Not many people can say they live inside a work of art. That’s how Dan Chrzanowski describes the single-story, Frank Lloyd Wright home he shares with his wife, Dianne.

Dianne says living in her home is like being on vacation every day.

“Mr. Wright designed houses that are magical places to live,” she said. “I’m never bored and I discover new things to love every day.”

“There’s not another one like this,” agreed Dan, whose restoration efforts resulted in the house’s being added to the National Register of Historic Places in January.

Designed by Wright in 1953 and built in 1954 for Dr.
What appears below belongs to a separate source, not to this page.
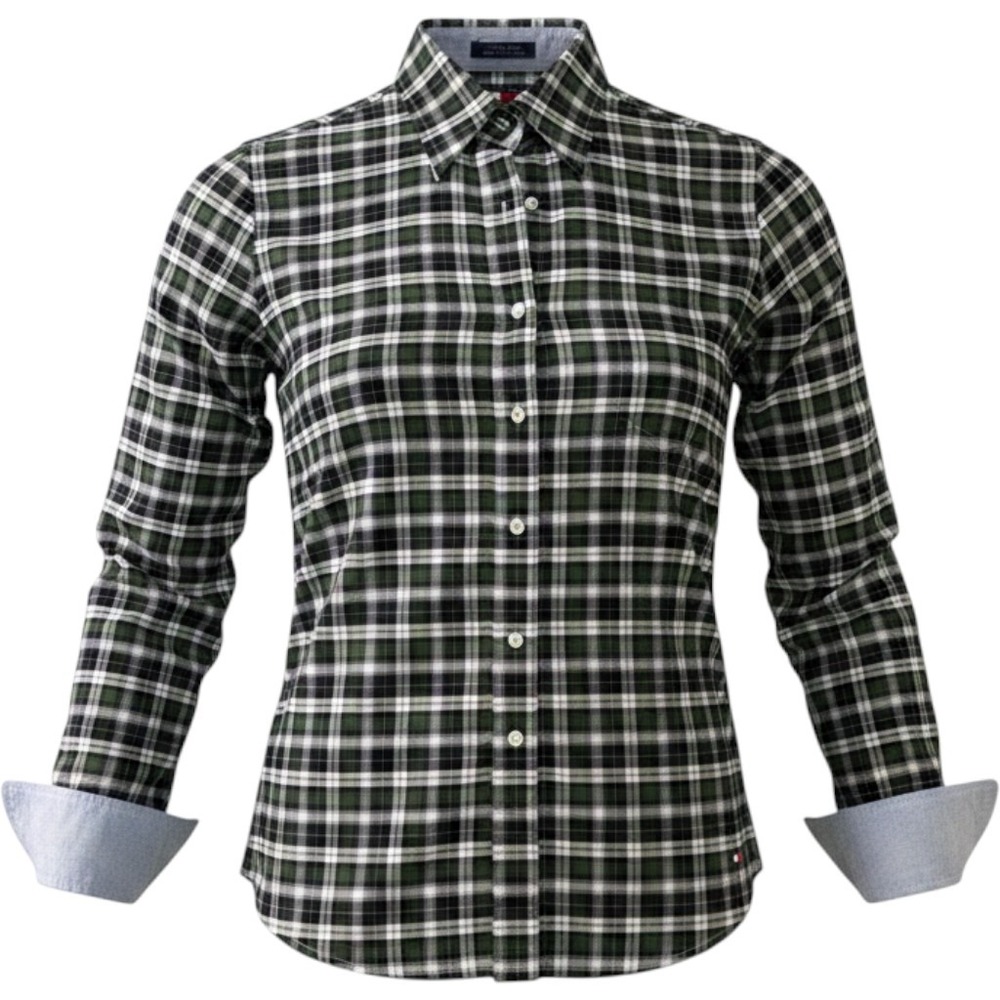 Tommy Hilfiger Womens Green Plaid‎ Button Down Shirt Cotton Long Sleeve Size 8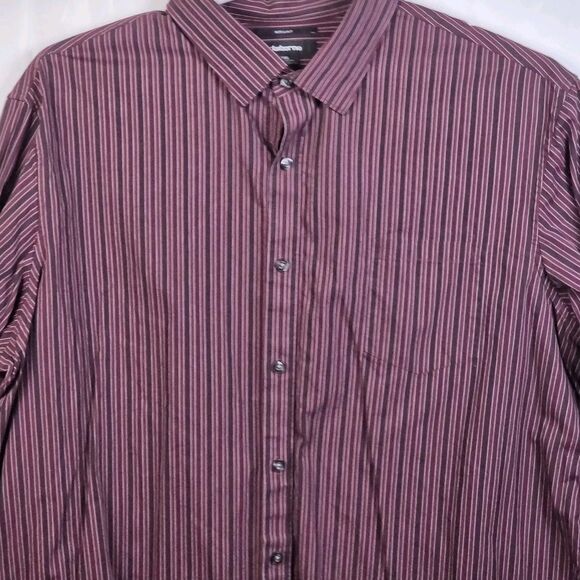 Claiborne Men’s XXL Purple 80's 2-Ply Striped Button Up Shirt - Picture 2 of 7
John and Syd Dobkins, it is part of the architect’s Usonian period, when he created affordable homes for the middle class.

Dan’s enthusiasm for Wright’s design theories and his appreciation of the home’s historical significance is contagious.

“I consider myself the caretaker,” Dan said. “(A Wright home) is bigger than any owner that lives there.”

Surrounded by five acres of beautiful nature on Plain Center Avenue within the city limits of Canton, the tour must start on the outside, Dan said, because the lay of the land was the first thing Wright considered when planning a home.

The 2,000-square-foot house sits into the landscape, much like a park pavilion, as Dan describes it.

The driveway leads to the north, or “private,” side of the house, the location of the only entryway. From here, the home looks very small. Cars are parked beneath a carport to the left of the home because Wright thought garages were unnecessary, along with basements and attics.

“Wright was a minimalist before there was such a thing as a minimalist,” Dan explains.

The home seems even smaller when one views it from the east, where you look down on the bedroom suite from a hillside and it seems as though you are towering over it.

From here, three different roof styles — the flat roof, the Bermuda-style copper or shed roof, and a gable — are seen.

On the garden side, or public view, of the home, one looks up at a 1 1/2 -story wall of windows, which makes the house appear to be much larger than the earlier views.

Based on a triangular model, only 60- and 120-degree angles are found in this home. The same specially cast Belden brick, mahogany and concrete are used inside and out.

Dan said Wright did not like paint and used natural materials and light to achieve color.

Dan, an artist who worked as an illustrator at American Greetings for 37 years and who now creates in his own studios on the property, understands how Wright was able to make a space feel larger through his use of light and changes in ceiling heights, or through “compression and release.”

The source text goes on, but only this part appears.